So I log on Thursday morning ready for an exciting day of Internet fun! Wednesday night I posted adorable pictures of my boys on my Facebook page and knew there would be lots of fun comments about them, an email about my nephew's surgery, and not to mention how much pleasure I get from chatting with my friends. Alas, my service provider had different plans for me.
At first, I was just a little panicky. Why isn't this working, what's happening, what do I do? But then I was okay... I called Charter, and listened to the automated message telling me they knew there were problems in my area. Content that someone was on top of this, I distracted myself with taking care of my children (maybe I should re-examine my priorities?), and getting ready for our day. But then I had to look again. I called Charter again, listening to the same message... I bargained with myself that I could wait till the afternoon. I shut my computer down. I felt a moments sadness that I wasn't able to say good morning to this other part of my world, but knew that after lunch and during nap time I would be able to bliss out in front of the screen. The wait would be worth it.

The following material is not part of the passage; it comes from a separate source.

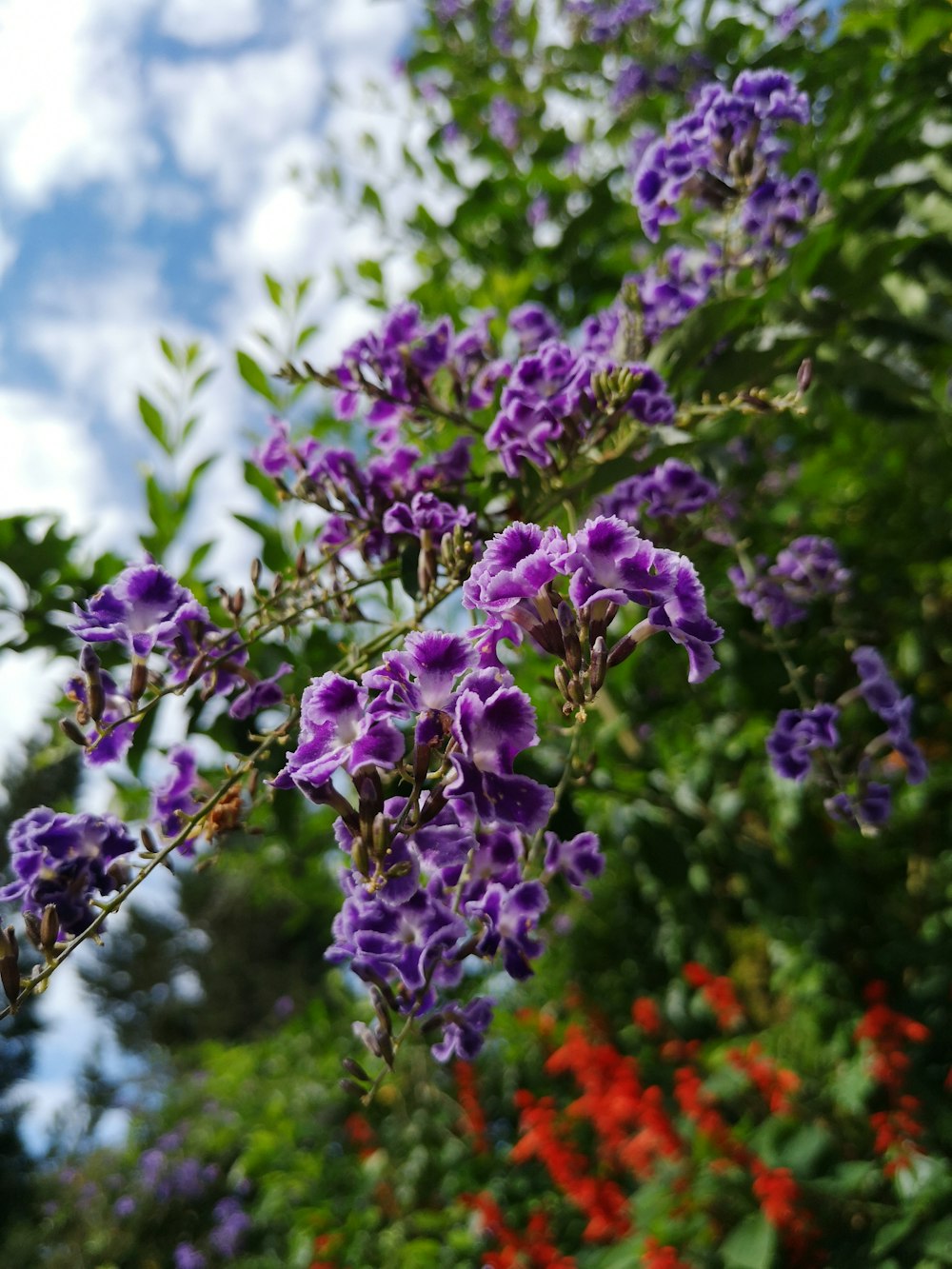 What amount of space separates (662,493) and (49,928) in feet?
3.69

When the Internet wasn't working after lunch I became agitated. I called Charter again, lying to the woman on the phone that I did a little work from home because who else panics like this when they can't look at Facebook, for Christ's sake?! Turns out they're upgrading the system or some BS like that, and I won't be able to get online until after 9 PM! Good God, take me now! Despite being told the Internet would be out all day, I kept checking obsessively all the while wondering if anyone would really notice I was gone? I thought about being online while reading, I thought about being online during my Pilate's class, I thought about being online while eating... it was consuming my every waking moment. Eventually I had to try to fall asleep without the sweet relief of seeing or communicating with any of my friends. I had dreams about my computer.
When the morning arrived and there was no change, I was in full-on freak-out mode. I was rude with Sharon from Charter. Sharon insisted the problem wasn't theirs, it must be the router. I was pleading and near tears with the Linksys dude, who was gentle but firm when he told me the problem wasn't theirs. And I was full-on SOBBING to my husband when I pulled him out of a meeting to relay that I still couldn't get online, and no one could help me (besides a licensed psychiatrist). During all of this, my children were barely fed and wondering what was wrong with Mommy.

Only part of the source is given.